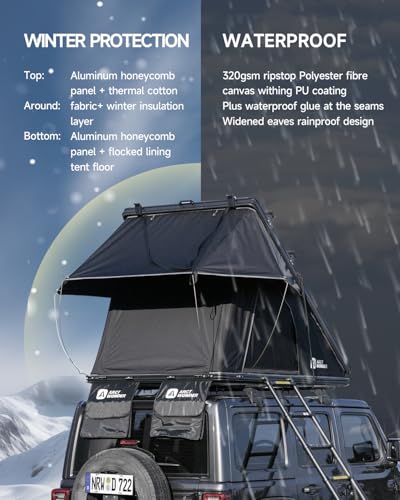 Arctwonder Hard Shell with Thermal Layer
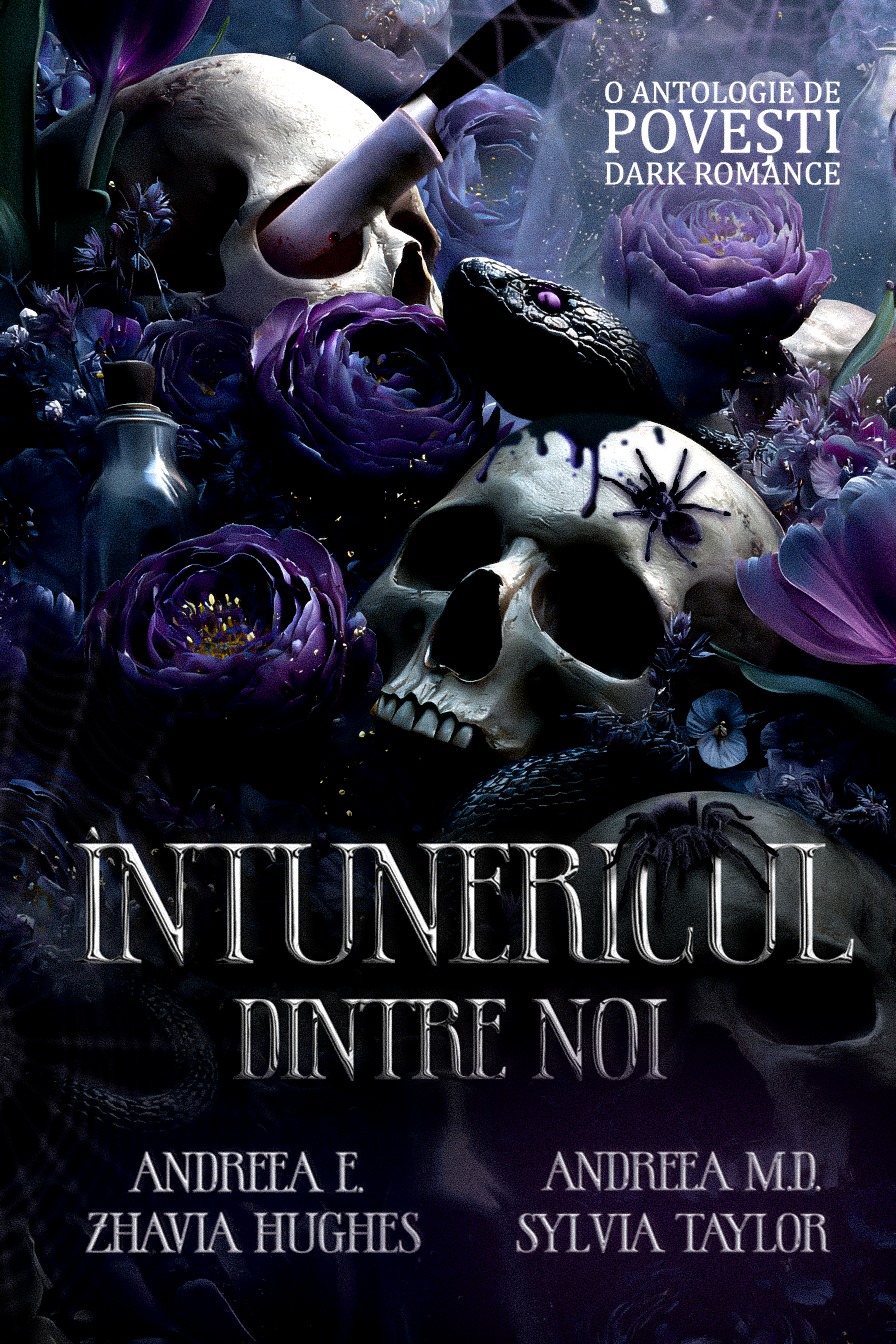 Întunericul dintre noi (Antologie Dark Romance)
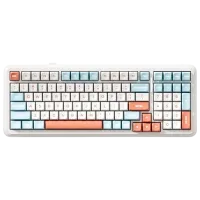 Клавиатура Mchose K99 V2 Беспроводные / Оранжевый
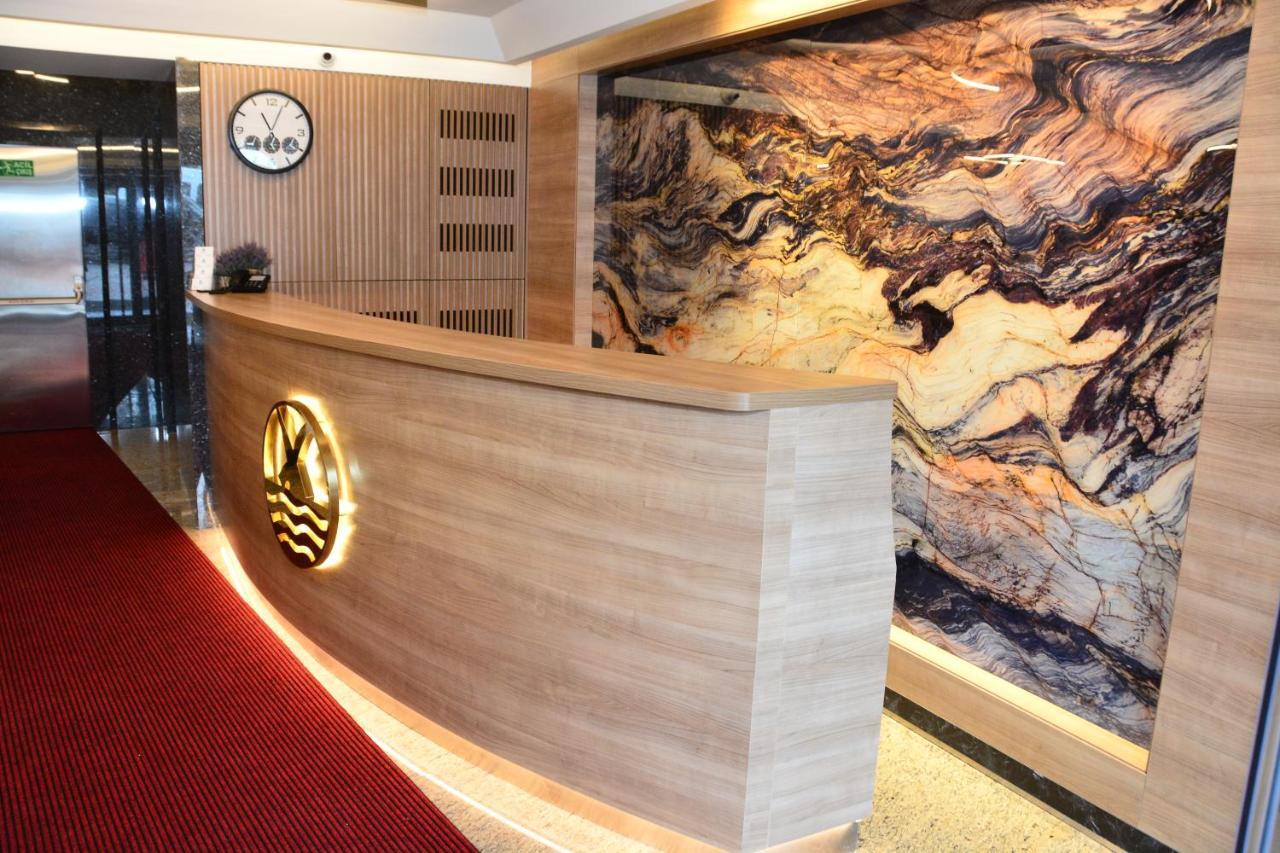 Radar Hotel Istanbul Eksteriør billede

### Your task
Could you give back the full listing word for word, leaving out the images?

### Written solution
 Arctwonder Hard Shell with Thermal Layer
 Întunericul dintre noi (Antologie Dark Romance)
 Клавиатура Mchose K99 V2 Беспроводные / Оранжевый
 Radar Hotel Istanbul Eksteriør billede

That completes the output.